My husband lost his job in February. While it has forced us to live on my income as a teacher and the royalties I make as a writer (not yet where I wish them to be!), I considered it to be a blessing. For the past six years, he had worked at a job far enough from our home that he had to live there during the week and was only home for weekends. Maintaining a family life long distance is never easy. It also brings with it enough increased expenses in maintaining a second household (even though his lodgings were rent-free) that I often questioned whether we were really better off.
Adjusting our lifestyle to such a cut in income has had its ups and downs, sometimes like the most insane roller coaster ride you can ever imagine. Yet each time that I have grown concerned that we couldn’t possibly make it through a month, somehow we did. Royalty checks, big and small, arrived just in the nick of time, or my husband picked up some freelance work that helped to tide us over. A litter of puppies brought in additional income.
We planted a garden, then added a watermelon and cantaloupe patch in a different location on our mini-farm. Plentiful rain and moderate temperatures provided us with an abundance of fresh vegetables and incredibly flavorful melons. A neighbor killed and butchered one of his steers and brought us a box of beef. Just before Thanksgiving, my husband expressed the wish that he could add a deer ham to our smoker, and less than an hour later we were hauling an eight point buck home in the back of our truck.
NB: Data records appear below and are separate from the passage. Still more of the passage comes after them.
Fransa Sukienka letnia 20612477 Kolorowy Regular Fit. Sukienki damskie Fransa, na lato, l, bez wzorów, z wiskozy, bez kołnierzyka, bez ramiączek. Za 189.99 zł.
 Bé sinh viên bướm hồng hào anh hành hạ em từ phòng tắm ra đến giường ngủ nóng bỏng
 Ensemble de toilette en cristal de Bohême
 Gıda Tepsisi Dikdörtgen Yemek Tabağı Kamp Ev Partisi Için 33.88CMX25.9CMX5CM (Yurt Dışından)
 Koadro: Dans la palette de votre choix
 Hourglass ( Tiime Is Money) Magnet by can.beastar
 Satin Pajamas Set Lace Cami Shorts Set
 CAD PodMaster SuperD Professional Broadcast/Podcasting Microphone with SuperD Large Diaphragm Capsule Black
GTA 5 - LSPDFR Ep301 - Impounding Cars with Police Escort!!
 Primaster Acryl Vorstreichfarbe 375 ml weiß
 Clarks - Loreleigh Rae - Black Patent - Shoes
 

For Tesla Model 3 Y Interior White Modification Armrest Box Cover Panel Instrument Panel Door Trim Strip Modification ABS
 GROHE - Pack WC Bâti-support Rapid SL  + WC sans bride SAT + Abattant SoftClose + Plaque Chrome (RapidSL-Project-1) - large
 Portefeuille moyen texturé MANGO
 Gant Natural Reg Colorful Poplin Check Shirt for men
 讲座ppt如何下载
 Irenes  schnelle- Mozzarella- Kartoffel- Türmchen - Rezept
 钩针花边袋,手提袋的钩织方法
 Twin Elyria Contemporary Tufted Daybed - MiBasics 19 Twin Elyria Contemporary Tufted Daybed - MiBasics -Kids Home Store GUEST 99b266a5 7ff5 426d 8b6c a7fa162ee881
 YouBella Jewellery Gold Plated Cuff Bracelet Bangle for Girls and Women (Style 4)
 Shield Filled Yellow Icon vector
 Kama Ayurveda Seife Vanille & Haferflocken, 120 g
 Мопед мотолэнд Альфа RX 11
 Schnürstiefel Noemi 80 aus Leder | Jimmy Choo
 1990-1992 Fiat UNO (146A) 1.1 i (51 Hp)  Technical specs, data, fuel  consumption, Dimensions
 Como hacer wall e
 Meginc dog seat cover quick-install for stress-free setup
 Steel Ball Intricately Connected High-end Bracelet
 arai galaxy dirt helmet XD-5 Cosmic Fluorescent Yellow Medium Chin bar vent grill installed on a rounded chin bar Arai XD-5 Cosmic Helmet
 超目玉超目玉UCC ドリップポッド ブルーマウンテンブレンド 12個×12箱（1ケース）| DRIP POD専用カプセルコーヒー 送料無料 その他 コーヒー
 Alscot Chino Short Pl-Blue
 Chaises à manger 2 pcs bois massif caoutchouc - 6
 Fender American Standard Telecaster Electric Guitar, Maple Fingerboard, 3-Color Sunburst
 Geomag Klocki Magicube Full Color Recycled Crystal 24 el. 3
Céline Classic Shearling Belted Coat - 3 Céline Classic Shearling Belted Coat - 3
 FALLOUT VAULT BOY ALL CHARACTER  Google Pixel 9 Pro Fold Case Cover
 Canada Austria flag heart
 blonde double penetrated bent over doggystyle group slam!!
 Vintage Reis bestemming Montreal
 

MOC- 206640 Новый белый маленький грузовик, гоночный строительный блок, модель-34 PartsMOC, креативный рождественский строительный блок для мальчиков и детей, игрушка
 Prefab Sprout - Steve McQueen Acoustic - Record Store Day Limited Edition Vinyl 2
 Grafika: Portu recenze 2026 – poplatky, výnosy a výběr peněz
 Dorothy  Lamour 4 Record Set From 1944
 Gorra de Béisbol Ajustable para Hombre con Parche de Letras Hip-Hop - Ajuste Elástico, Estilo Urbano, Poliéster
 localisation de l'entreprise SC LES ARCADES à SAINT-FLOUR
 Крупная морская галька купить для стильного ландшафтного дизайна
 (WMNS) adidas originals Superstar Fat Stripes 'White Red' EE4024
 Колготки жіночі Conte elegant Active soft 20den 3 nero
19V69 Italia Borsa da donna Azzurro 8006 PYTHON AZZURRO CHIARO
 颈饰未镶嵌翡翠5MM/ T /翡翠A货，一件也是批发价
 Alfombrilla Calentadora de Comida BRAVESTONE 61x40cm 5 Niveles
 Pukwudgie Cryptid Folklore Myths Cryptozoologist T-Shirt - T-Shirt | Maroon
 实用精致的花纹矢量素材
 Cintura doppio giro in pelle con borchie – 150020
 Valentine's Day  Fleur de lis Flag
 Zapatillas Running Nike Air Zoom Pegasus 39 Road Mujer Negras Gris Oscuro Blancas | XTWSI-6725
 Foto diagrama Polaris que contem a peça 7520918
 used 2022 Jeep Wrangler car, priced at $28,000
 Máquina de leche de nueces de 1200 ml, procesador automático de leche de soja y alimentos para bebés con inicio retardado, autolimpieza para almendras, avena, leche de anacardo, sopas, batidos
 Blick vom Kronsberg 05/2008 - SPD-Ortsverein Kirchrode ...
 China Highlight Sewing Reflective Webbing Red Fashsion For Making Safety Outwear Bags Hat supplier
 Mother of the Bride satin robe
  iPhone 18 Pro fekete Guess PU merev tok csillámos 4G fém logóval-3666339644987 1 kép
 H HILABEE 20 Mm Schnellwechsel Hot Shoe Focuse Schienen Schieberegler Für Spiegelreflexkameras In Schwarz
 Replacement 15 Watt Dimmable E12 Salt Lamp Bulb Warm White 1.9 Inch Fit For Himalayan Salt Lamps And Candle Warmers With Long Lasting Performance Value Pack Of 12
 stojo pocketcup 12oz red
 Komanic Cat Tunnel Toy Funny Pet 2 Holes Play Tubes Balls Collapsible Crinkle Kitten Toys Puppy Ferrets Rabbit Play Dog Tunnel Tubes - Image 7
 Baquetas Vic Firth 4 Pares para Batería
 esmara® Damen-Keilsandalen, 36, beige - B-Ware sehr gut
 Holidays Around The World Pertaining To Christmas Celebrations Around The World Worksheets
In May, I earned my masters in education. Thanks to a gift from two very good friends, we had gas money so we could attend commencement in Virginia Beach. The pomp and ceremony had a wonderful bonus effect: my son, who was not at all excited about his own upcoming high school graduation ceremony, suddenly looked forward to the event. The smile on his face after that ceremony will live in my memory forever. School was not the easy academic ride for him that it had been for me and his father.
With the change in his employment, my husband decided to take a hard look at what he wanted to do. He had already completed a course in fixing small engines, which—to my thinking—paid for itself when he was able to fix our riding lawnmower himself. He is now back in school and has completed his first semester of a very fine gunsmithing program.
My career as a writer has continued to grow and expand this year. I had a book release under a different pen name in July, which has done very well. My next release as Laura Browning, Special Delivery, will come out May 12, 2015, and is already available for pre-order.
Just this week, my husband finally secured a part-time job that he can fit around his schedule as a student and as the coach of a high school fencing team. My son has matured during this year, now holding down two part-time jobs as he continues to explore what he would like to do for a career.
In all, though this year has been filled with tremendous change, it has also been filled with such timely blessings, I can’t help but believe in the divine hand of providence at work. Through the many adventures and misadventures during my life, I have always felt I must have a very special guardian angel. Now I am sure of it.
I don’t wear my faith on my sleeve. Maybe that’s a function of being a Lutheran, maybe it’s just my personality. However, I have spent many moments this year thanking God for his assistance in so many little ways. So this holiday season, when we think about the miracle of faith embodied in the birth of God’s son, remember that miracles occur every day in many little ways. It might be the garden blessed with good weather or a timely gift from a friend. It might even be that longer than usual wait in a checkout line that put you two cars behind the impaired driver instead of right next to him when he lost control of his vehicle and crashed.
As Walt Whitman says, “Keep your face always toward the sunshine – and shadows will fall behind you.”
So as 2014 winds down and 2015 begins, remember to look for the best in every situation. Find those little blessings that can brighten your day and help you brighten the day of someone else.